Garden Walk Buffalo has a fans at Fine Gardening and Martha Stewart Living

Totally irrelevant to this post, this is the house of Cornelius, and his garden at 75 Lancaster Avenue.

Yeah, I know, you're sick & tired about me blathering on about Garden Walk. Well, for this post, I'm going to let you read the writings of Stacey Hirvella, Senior Associate Gardening Editor, Martha Stewart Living; and Kerry Ann Moore, contributor to Fine Gardening magazine as THEY blather on about Garden Walk Buffalo.

First, some quotes from Stacey's post on the "Living on 112, The Martha Stewart Living Radio Blog:"

"My weekend in Buffalo was fantastic, I can speak about it only in superlatives. It was one of the most wonderful experiences I've been involved with during my time with the magazine, so forgive me for gushing!"

"The thing that impressed me most about Buffalo is the people and their level of community involvement. The Martin house has 400 volunteers, for example. There are all sorts of community gardens and community beautification projects like the 16th Street Block Alliance (a very cool stop on the Garden Walk)."

"As a gardener, though, I was absolutely floored by Urban Roots Community Garden Center."

"Most people wouldn't think of Buffalo as an epicenter of American horticulture, but it looks like gardening may be their official pastime."

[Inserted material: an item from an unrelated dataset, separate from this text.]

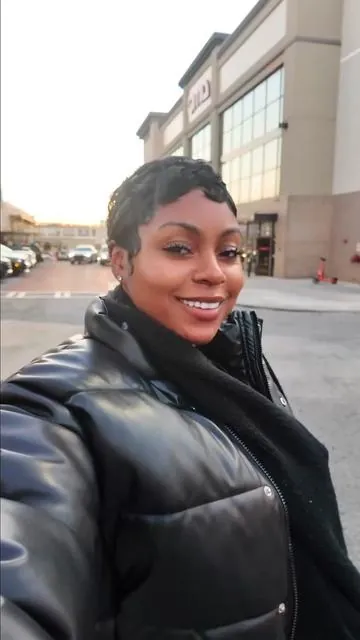 Hair by @_stylesbynissi 🤎#pixiecutblackwomen #pixiehaircut #pixiecut #flatironforpixiecut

Read her full long, gushing post here, complete with photos. If you've got the time, read all the comments too!

There's Kerry in the black jacket, center(ish) with an empty glass. She's looking at Sally Cunningham, Western New York's gardening queen of all media. On the left, in red, is Steve Aitken, editor of Fine Gardening, directly below him, Stacey Hirvella of Martha Stewart Living, and, in the blue shirt, is Stacey's husband Adam, a rooftop garden consultant, sculptor and chicken wing connoisseur.

And Kerry, from Fine Gardening posts on their blog:

"Buffalo provided a warm welcome and a free inspirational show of 341 home gardens throughout its community last weekend. I was among thousands of appreciative garden goers hoofing up, down, and all around the city."

"I enjoyed seeing the streets alive with activity. Kids selling lemonade, home owners proudly perched on their porches smiling and waving to the eager public parading through their yards and streets. I mean talk about a garden party!"

"My weekend of touring gardens and talking to like minded garden geeks about their cares, concerns, and questions was quite an education."

Visit her post to see pictures. One shot is of my wind-whacked, rain-beaten backyard as the tornadoes were touching down outside of the city.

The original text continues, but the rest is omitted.